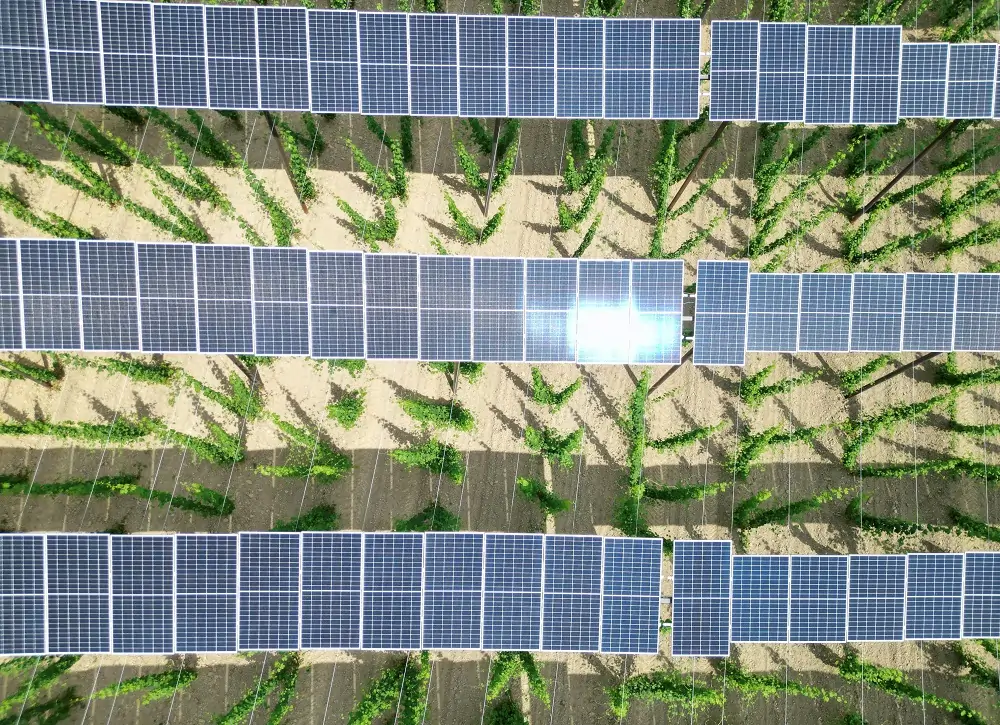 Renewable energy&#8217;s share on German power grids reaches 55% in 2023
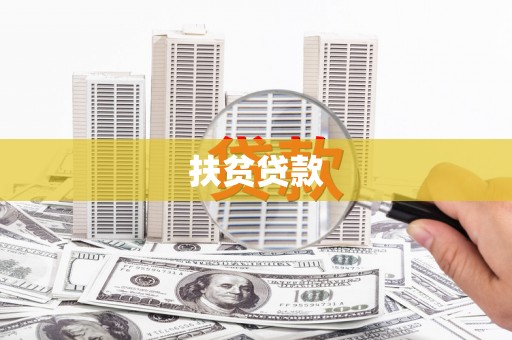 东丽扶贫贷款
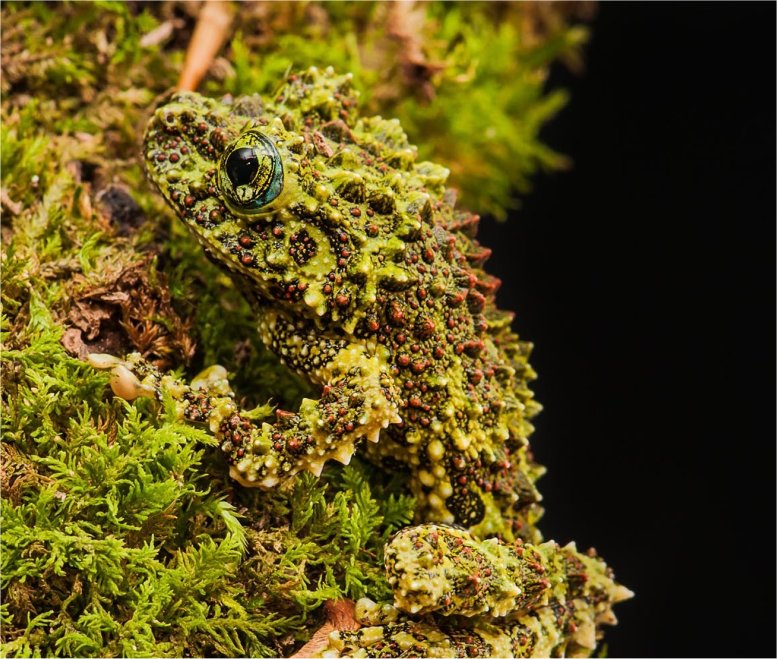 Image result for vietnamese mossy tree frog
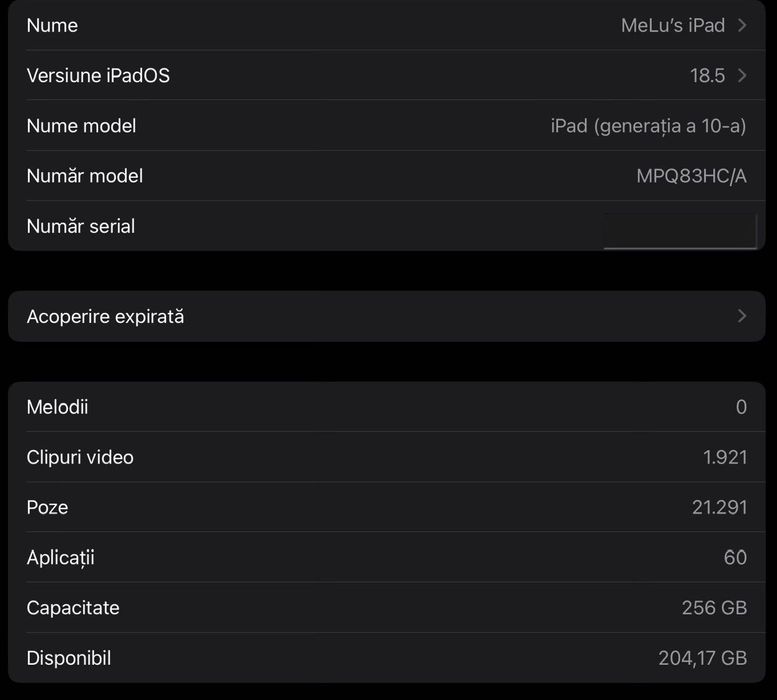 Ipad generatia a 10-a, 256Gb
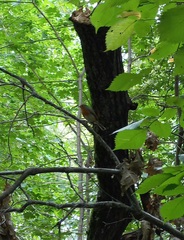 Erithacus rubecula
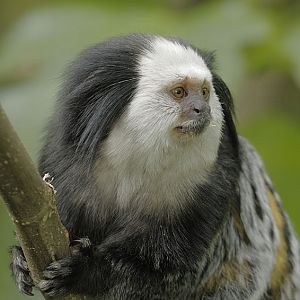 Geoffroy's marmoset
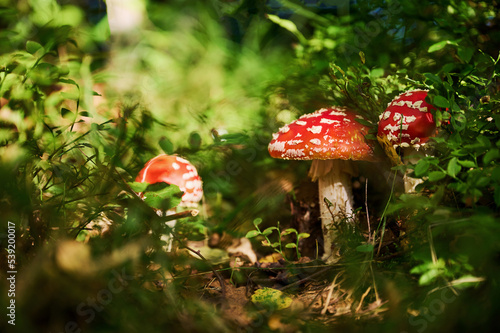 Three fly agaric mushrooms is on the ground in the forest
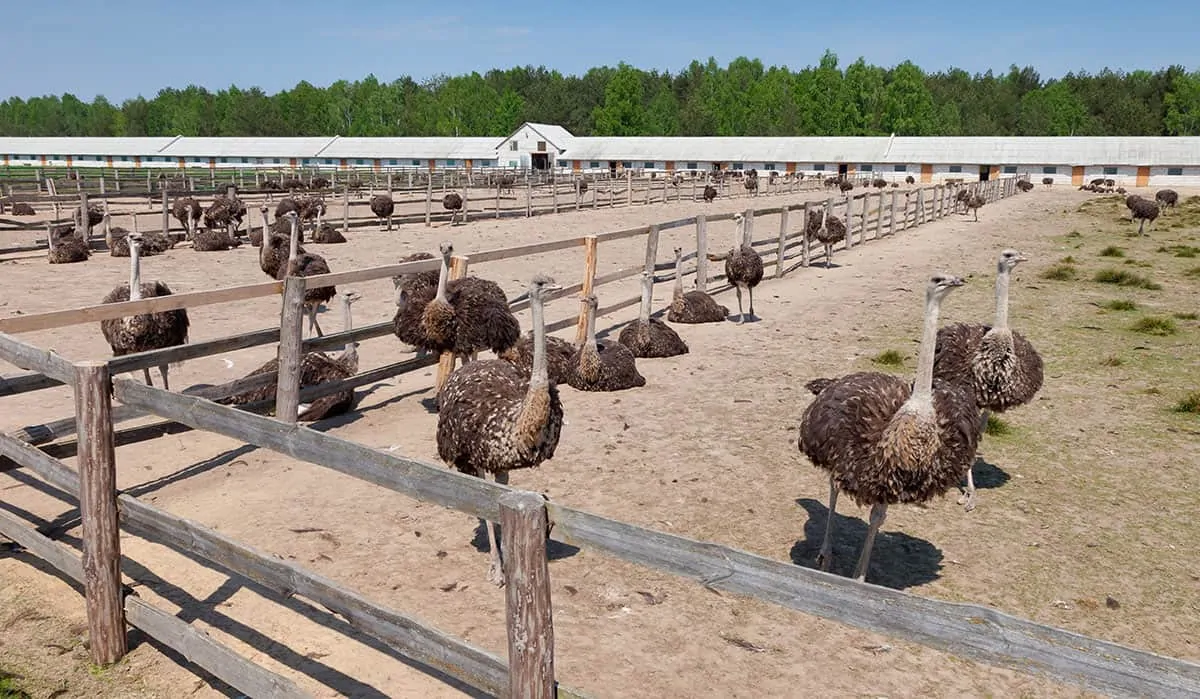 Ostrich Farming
...
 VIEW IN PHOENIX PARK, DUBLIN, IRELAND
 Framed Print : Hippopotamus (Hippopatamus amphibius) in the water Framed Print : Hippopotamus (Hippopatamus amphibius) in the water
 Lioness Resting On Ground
* * *
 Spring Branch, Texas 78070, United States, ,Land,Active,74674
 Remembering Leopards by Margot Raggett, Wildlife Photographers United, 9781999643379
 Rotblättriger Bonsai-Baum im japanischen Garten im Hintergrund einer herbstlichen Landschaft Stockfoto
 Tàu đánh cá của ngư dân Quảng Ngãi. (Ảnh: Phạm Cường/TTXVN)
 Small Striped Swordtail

**Required work:** Go through the lines above. Select every one that has the string "United".

**Answer to the exercise:**
 Spring Branch, Texas 78070, United States, ,Land,Active,74674
 Remembering Leopards by Margot Raggett, Wildlife Photographers United, 9781999643379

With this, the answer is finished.